Wednesday, July 21, 2010

Movie Review! Inception

So, I saw Inception over the weekend, and I gotta say, I was underwhelmed. If you want to see it and haven't, don't read the rest of this entry, because there are spoilers coming.






Ok. So. As always when I'm expressing my opinion, a little background about me is helpful. For those of you who don't know what this movie is about, IMDB it.

Done? Good. Back to me. When I was 15, I started taking Effexor, an anti-anxiety anti-depressive. The drug has about 30 side effects, the only remotely pleasant one being extremely vivid, occasionally lucid dreams. When I realized I was having lucid dreams, I started doing some research (See: Waking Life) on how to control my dreams and make them not suck, cause they were kind of horrible. To make a long story short, I can now control my dreams approximately 10% of the time, which is way better than I was doing before.

Now, to my problems with Inception. As a lucid dreamer, it's hard to watch someone try and explain it without calling it what it is. The Totems in the film that the characters use are totally unnecessary, albeit an interesting plot point (especially for the film's ending).

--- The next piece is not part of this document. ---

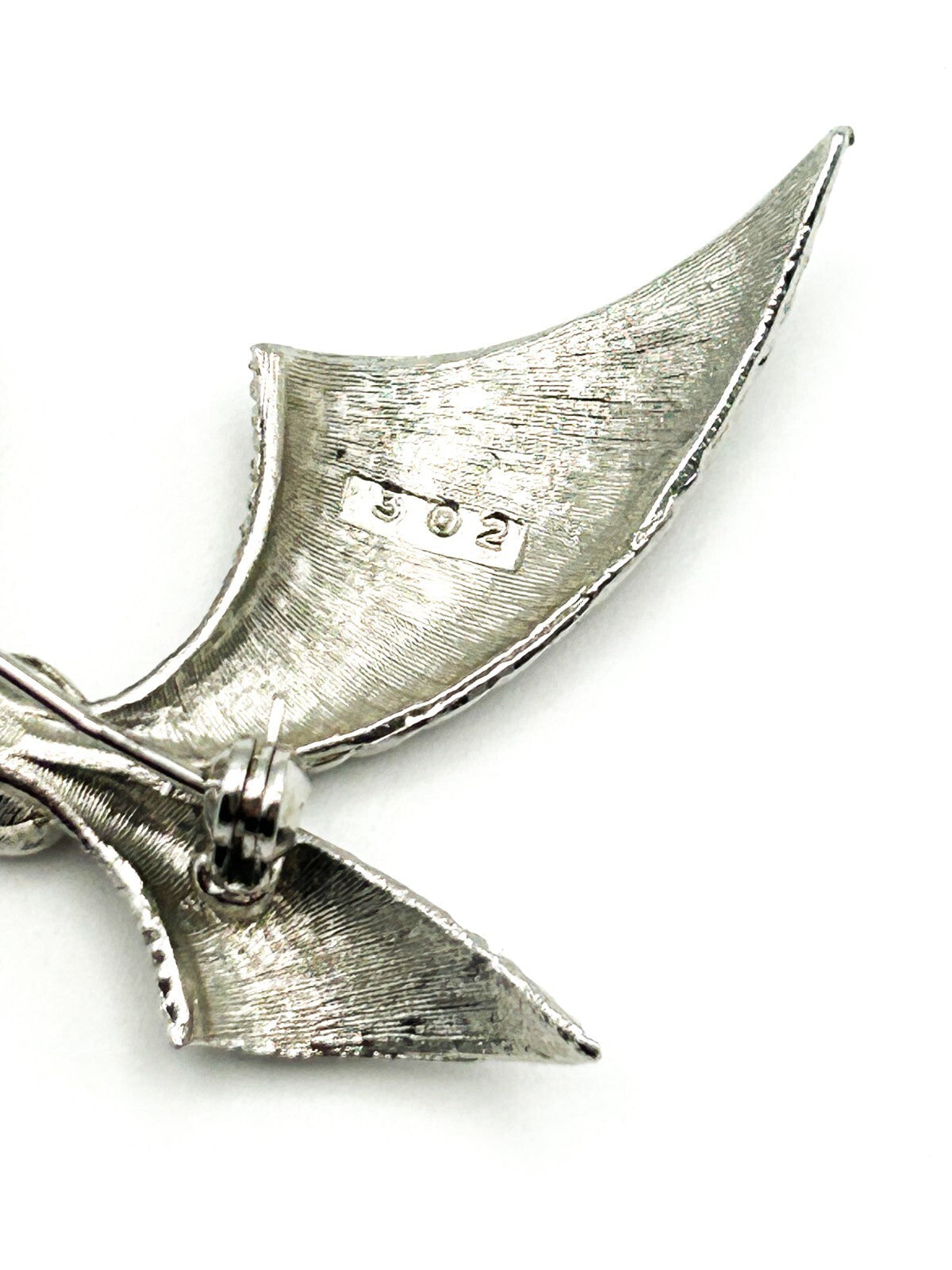 Vintage Silver Ribbon Bow Brooch Mid Century Modern Sweeping Textured Pin Retro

They would have been better off using the fact that, in dreams, you cannot look at clocks. You can see them, but you can't make out the time. (Try it.) Dialing phones is also inexplicably difficult, as is turning on light switches, reading, or watching a movie or TV show. Basically, there are about 85 different things that can tell a lucid dreamer that they are, in fact, dreaming. (Or, that they're awake.) So, that's problem number one.

Problem number two is more specific and probably plays to my slight OCD. In the final dream sequence, when the car is falling off the bridge, the absence of gravity affects the hotel. It doesn't affect any other layers of the dream. This makes no sense. I'm willing to suspend my disbelief when watching a film only if the filmmaker follows the rules of the world of the film. If you start breaking your own rules, you lose the audience.

The final problem I had wasn't really illustrated until after I watched the movie and realized that the people I had seen it with (my parents and fiance) didn't get the ambiguity of the ending. It was obvious to me that we weren't supposed to know whether or not Leo was dreaming at the end, since the top was still spinning. My mother contested "but it was slowing down!" Yes, Mom, but it never actually stopped. The average filmgoer simply will not get that, if my parents and fiance, with about 7 professional and collegiate degrees between them, didn't see it. My interpretation of the movie was that the entire film might have been a dream, (why is his father teaching in Paris if he lives in Los Angelos? Why, at the end, are his children wearing the same clothing he always visualizes them in?) and Leo might still be in limbo. I hate that people need things totally spelled out for them until they see them.

OK, rant over.

All this being said, I would still recommend the movie, if only for the visual effects, and the fact that it will make you think a little bit, although I'm still underwhelmed by it as a whole.